Avaric reprit conscience. Un moment, il resta allongé dans l’herbe mouillée. Tout son corps était encore pris de tremblements, son cœur tambourinait dans sa cage thoracique, et sa respiration était terriblement saccadée. Le pire était peut-être bien cette sensation de nausée, qu’il ne put réprimer. Il se tourna vers le cours d’eau, puis y vomit une bile amère.

« Je me demande par quelle miracle on a survécu à tout ce merdier. »

Étonné que son ami ne soit pas là pour le disputer, il se tourna.

« Konr… »

Le prénom de son frère de coeur s’étouffa, se perdit dans sa gorge.

« KONRAD ! OÙ ES-TU ? Non, non, non, c’est pas possible que je sois là et pas lui. »

Il n’eut pas besoin d’aller bien loin pour retrouver son ami. Un éclat doré attira son attention. Des richesses s’amassaient par terre. Cachées sous les entrelacs de branchage d’un arbre, le tout camouflé par un tas d’herbe. Un gigantesque butin l’attendait là, constitué de ce qui lui sembla être une infinité de pièce en or véritable. Des bijoux, des perles, des calices sertis de gemmes, mais aussi des armes, et un corps humain. Konrad gisait, immobile, sa tenue en lambeau, installé en étoile au-dessus de l’inestimable entassement d’objets précieux.

« Le trésor de la Rivière des Noyés. Je l’ai enfin trouvé. »

Pas une once de joie n’émanait de cette déclaration. Konrad – ou plutôt ce qui en restait – était dans un bien piètre état. Ses yeux vitreux créaient un véritable contraste comparé au reste de son corps. Sa peau notamment, s’était teintée d’une couleur violacée, en plus d’avoir étrangement froissée. Avaric sentit son estomac se retourner, et faillit vomir une nouvelle fois. Les mouches s’étaient adonnées à un véritable festin sur le cadavre de son ami, ce qui dégageait une odeur pestilentielle.
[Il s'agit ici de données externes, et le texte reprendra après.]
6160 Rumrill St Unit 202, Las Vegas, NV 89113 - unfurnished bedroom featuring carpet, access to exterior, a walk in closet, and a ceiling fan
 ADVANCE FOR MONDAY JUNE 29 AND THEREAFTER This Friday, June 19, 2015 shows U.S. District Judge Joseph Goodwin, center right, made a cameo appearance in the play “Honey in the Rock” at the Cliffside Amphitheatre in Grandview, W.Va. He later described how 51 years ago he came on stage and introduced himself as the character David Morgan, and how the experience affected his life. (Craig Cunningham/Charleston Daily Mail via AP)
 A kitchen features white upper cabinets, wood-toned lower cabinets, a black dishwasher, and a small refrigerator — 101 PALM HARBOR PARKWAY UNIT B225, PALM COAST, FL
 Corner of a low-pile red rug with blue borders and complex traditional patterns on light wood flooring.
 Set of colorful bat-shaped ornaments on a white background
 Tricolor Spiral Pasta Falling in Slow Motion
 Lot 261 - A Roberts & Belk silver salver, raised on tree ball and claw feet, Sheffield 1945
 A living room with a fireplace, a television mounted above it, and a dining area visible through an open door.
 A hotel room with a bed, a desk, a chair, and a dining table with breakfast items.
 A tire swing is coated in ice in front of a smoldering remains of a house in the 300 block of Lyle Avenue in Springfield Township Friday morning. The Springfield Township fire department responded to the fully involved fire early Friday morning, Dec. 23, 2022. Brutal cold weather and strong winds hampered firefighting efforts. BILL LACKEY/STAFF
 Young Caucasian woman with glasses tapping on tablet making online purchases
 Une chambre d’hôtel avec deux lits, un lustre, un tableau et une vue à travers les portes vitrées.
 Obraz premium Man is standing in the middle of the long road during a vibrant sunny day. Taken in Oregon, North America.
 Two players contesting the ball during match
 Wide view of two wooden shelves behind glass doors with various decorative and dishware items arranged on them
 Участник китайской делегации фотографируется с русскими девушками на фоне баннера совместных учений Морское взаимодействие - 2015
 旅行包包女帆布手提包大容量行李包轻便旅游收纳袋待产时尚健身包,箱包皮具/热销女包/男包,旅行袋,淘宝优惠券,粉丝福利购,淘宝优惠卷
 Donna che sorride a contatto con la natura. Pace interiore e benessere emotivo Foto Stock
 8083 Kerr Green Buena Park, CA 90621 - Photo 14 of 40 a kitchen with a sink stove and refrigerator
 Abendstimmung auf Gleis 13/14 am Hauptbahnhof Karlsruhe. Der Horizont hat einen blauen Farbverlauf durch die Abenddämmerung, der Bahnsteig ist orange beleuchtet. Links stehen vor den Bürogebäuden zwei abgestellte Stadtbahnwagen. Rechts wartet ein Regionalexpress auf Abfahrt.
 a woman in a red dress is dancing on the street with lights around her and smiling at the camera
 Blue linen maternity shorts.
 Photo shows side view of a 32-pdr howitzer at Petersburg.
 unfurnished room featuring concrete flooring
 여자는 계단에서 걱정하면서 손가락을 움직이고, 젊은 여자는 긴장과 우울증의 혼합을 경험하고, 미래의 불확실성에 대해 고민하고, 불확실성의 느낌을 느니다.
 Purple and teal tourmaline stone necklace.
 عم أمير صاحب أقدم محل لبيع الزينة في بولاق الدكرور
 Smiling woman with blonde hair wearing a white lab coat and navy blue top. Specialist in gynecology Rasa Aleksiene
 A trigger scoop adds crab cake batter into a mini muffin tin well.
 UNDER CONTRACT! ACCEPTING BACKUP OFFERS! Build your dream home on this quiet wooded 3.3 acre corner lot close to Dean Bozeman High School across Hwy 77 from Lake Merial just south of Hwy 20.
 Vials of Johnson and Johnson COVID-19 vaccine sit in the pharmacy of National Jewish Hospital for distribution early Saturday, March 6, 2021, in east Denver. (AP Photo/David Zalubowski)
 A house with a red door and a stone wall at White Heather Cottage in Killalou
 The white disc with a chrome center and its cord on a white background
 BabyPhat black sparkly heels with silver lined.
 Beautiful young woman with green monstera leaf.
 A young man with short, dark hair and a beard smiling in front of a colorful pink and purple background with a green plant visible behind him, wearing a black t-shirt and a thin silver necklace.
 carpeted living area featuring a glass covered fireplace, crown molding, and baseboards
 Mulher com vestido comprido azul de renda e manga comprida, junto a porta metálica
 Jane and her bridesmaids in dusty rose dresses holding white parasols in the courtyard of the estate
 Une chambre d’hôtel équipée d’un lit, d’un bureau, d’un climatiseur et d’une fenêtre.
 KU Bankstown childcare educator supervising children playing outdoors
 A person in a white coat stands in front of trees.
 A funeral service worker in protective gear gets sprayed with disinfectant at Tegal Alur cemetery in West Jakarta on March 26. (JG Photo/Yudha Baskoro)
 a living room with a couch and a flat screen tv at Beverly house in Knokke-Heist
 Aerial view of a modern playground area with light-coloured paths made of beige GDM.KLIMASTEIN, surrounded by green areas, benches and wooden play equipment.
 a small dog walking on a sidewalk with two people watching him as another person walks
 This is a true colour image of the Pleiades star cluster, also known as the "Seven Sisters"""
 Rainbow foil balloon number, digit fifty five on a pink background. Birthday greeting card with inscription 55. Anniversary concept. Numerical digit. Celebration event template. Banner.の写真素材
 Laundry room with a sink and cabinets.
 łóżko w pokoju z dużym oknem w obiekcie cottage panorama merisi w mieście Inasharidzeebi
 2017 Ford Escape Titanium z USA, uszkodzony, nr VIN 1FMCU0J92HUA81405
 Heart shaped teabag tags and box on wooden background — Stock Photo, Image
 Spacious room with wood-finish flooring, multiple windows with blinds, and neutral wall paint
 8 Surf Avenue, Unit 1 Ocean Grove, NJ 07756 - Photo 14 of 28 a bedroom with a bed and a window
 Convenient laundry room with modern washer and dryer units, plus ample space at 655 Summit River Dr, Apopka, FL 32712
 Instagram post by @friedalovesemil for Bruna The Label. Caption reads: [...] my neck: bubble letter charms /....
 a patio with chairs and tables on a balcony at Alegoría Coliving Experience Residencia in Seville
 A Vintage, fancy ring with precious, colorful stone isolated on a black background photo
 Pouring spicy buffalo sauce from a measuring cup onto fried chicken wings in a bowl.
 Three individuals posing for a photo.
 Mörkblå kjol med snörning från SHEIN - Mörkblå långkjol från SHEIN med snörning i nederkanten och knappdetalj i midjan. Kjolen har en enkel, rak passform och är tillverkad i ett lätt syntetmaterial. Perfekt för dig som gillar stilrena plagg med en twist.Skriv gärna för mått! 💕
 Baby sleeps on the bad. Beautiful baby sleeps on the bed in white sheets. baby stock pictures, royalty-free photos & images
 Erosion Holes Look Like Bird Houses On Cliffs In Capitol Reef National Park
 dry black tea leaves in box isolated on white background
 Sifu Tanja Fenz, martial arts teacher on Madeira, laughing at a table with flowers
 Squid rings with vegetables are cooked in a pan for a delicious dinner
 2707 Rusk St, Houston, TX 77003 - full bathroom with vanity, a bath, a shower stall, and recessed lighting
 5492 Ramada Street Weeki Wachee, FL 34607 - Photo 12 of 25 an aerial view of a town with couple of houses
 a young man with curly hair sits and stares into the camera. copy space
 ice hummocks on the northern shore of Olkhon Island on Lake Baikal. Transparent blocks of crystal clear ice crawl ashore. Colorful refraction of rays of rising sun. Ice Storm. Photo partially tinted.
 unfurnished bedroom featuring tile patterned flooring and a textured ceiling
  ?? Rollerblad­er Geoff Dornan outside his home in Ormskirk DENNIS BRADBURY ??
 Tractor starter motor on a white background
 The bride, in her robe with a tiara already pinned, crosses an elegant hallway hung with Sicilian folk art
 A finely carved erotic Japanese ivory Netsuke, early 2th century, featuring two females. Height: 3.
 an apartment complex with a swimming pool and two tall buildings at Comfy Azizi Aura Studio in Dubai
Les visions de la petite fille se confondirent avec la réalité, qui ne lui était pas non plus d’un grand réconfort.

 

« Tout à un prix. »

 

Celui de sa propre bêtise avait amplement été payé, Néréide lui avait infligé une leçon qu’il ne serait pas près d’oublier. Désormais il ne désirait plus acquérir mondes et merveilles. Il préférait fuir, loin, très loin d’ici. Avaric prit donc ses jambes à son cou sans demander son reste.